It is not the ressonance of the steps that brought me the ghosts. One expects echos on large spaces, in particular ones with flat, reflective surfaces like a sports center. The place is actually nice, in retreat from the great avenues and their traffic, warm in winter, shady in summer, peopled by the lively kids of the neighborhood in colorful clothes, playing basketball or kickboxing.

Neither it was its architecture, clearly from an industrial past with its apparent bricks, but in a way modern, simple, well kept and tidy. The place is full of light, and the light is somehow filtered to a mild, comfortable luminosity. When in there, people can concentrated on the physical activities and the organisation of it, the discreet building is just a cozy background for a saturday afternoon.
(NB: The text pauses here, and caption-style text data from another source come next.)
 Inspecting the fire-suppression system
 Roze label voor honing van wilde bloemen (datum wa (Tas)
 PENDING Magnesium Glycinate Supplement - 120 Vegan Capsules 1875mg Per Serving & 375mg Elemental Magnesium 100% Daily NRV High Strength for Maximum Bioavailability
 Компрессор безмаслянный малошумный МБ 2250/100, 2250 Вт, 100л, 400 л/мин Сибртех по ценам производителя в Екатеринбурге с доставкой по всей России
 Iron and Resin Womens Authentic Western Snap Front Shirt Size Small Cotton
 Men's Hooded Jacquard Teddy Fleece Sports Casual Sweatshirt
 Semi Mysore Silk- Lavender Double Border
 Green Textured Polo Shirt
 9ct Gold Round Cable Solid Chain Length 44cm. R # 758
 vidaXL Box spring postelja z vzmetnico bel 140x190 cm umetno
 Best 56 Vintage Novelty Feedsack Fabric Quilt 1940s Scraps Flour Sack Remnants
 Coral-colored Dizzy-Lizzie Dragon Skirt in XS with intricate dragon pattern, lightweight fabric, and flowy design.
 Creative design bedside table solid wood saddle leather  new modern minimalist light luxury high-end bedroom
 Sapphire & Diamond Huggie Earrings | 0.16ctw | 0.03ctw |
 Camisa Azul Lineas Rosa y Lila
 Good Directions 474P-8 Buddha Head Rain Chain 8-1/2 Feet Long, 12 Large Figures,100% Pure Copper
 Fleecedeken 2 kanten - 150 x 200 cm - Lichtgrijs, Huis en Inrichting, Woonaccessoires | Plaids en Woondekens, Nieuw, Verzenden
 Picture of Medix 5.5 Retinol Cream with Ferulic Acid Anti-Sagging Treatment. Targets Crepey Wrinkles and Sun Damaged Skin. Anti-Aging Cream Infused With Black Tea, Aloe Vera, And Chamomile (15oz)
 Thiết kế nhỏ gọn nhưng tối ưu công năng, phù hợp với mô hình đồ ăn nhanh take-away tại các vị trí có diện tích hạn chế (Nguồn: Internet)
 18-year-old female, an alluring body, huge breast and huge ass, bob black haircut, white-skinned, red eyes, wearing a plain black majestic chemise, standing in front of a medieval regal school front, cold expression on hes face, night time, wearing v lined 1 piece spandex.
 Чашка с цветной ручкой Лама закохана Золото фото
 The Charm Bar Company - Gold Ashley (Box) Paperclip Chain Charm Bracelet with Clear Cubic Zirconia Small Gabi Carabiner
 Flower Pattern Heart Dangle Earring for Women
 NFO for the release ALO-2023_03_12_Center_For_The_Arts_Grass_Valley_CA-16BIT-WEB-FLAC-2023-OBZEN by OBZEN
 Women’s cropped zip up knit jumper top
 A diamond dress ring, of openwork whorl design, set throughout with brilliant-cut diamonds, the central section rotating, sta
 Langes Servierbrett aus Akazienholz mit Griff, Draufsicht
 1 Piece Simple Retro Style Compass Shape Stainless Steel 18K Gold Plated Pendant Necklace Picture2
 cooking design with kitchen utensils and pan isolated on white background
It was only when I read the small sign there that I started to notice the building fully. It indicates that the place was a concentration point before deportation for the jewish community during the second world war. The sign led me to dig into the buildings history, and besides this horrible years one can find others: the place was originally a local market, it also served as a meeting place for unions and politicians that shaped our times. With the eyes half shut and a little imagination it is possible to picture the crowds that passed there, recreate the events, the cruel and sad as well as the energetic and visionary.

The building was always a passage point, a crossroad, nobody can claim his family tradition history there. It is not associated to a cult, religion or group. It is and was always a public, civil place, even when it was cruelly misused. One could expect it to be souless, it is not. When one pays attention to it, its ghosts come in and out, hurried, spreading the weight of its history, our history, around the whole neighborhood. The unsuspecting passerby may not see it, those walls host our common ghosts.